[What is needed]: What you should end up with is an exact copy of the lines from the one holding "for the future." through the last line of the entries below, both included, and nothing else; leave every picture out.

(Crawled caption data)
▼
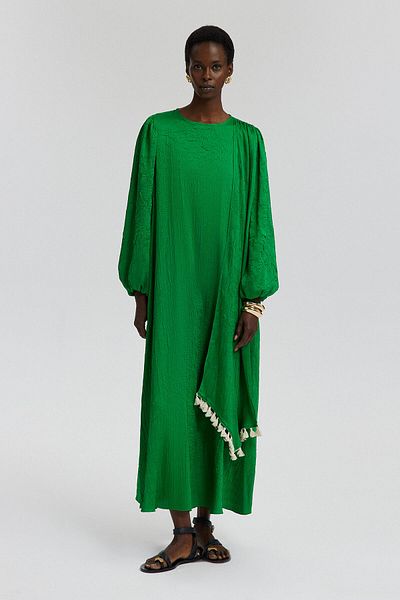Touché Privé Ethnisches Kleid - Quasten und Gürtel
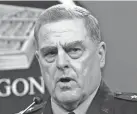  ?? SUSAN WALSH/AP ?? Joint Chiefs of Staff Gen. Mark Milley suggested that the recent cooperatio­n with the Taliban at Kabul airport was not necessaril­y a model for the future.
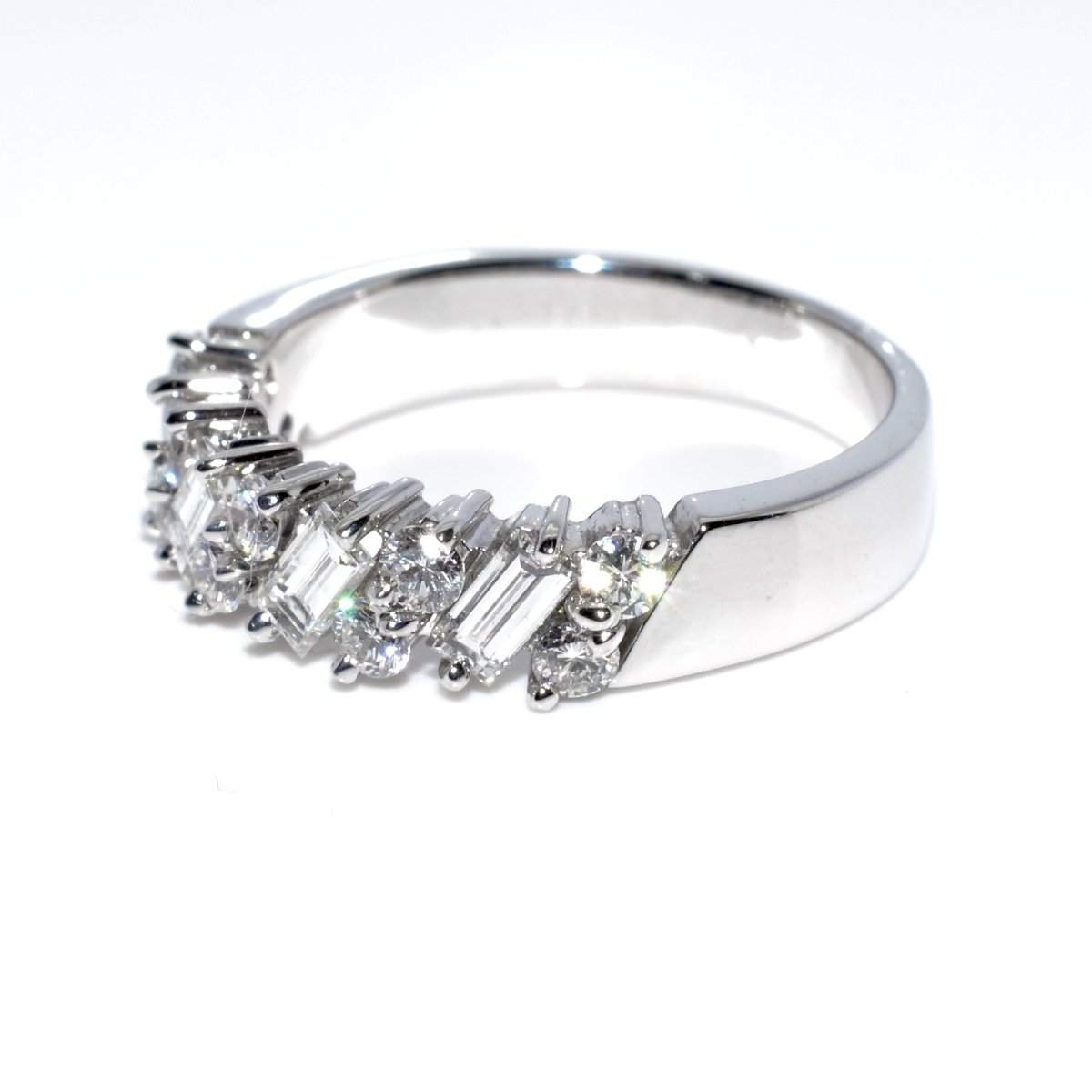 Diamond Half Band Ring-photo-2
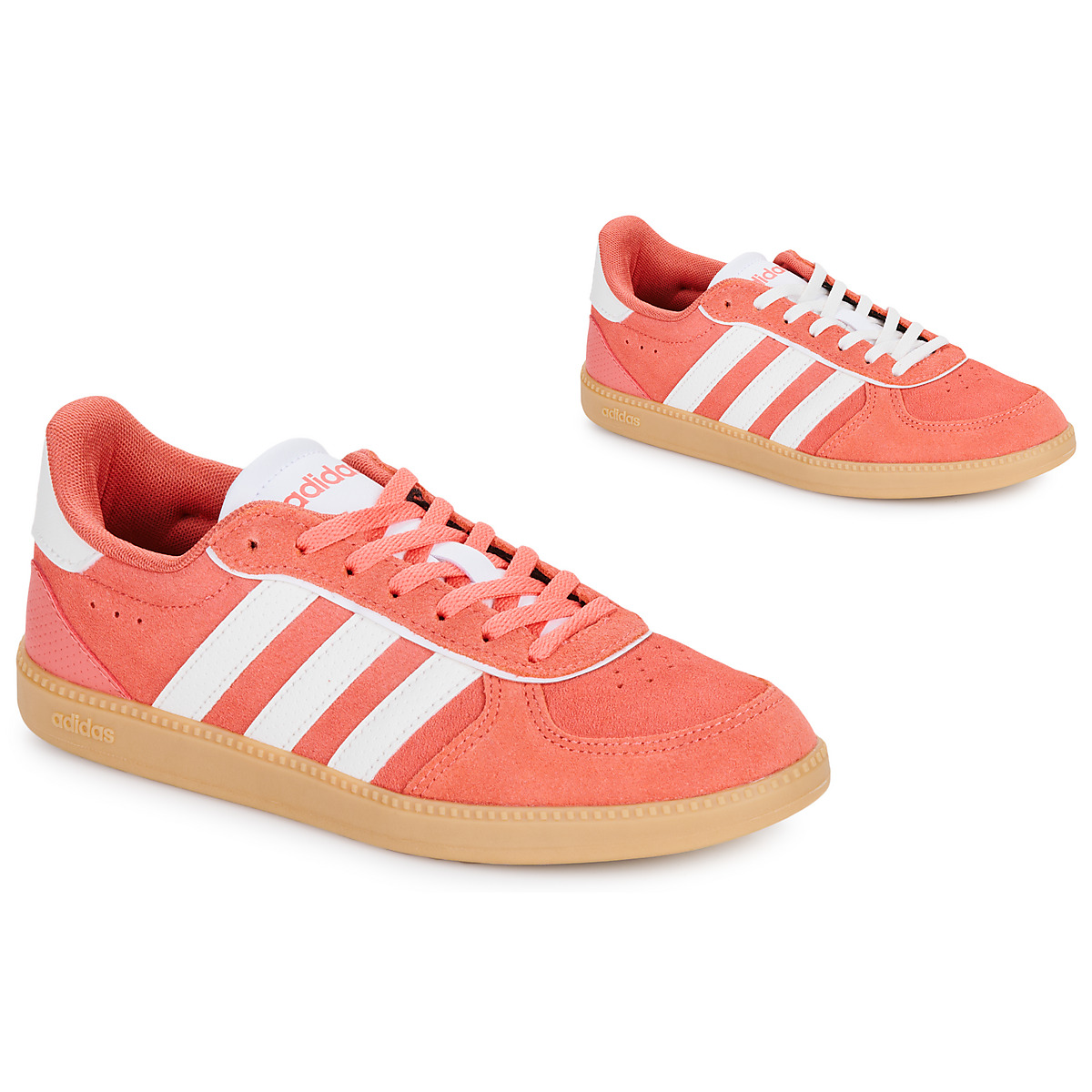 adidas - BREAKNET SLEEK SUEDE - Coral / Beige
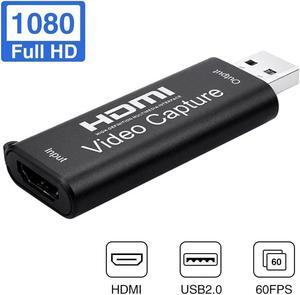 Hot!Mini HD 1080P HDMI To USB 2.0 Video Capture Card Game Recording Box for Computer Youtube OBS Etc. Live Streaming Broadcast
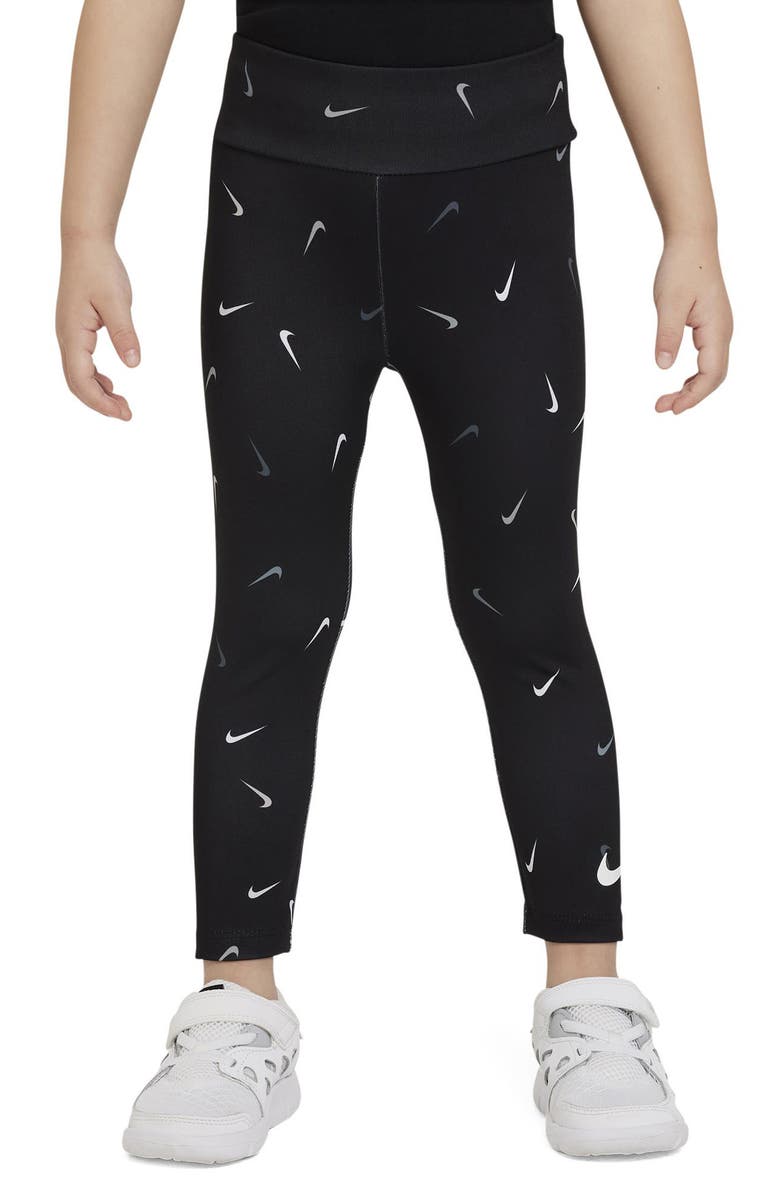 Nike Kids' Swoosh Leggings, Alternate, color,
▲
[Answer space]:
  ?? SUSAN WALSH/AP ?? Joint Chiefs of Staff Gen. Mark Milley suggested that the recent cooperatio­n with the Taliban at Kabul airport was not necessaril­y a model for the future.
 Diamond Half Band Ring-photo-2
 adidas - BREAKNET SLEEK SUEDE - Coral / Beige
 Hot!Mini HD 1080P HDMI To USB 2.0 Video Capture Card Game Recording Box for Computer Youtube OBS Etc. Live Streaming Broadcast
 Nike Kids' Swoosh Leggings, Alternate, color,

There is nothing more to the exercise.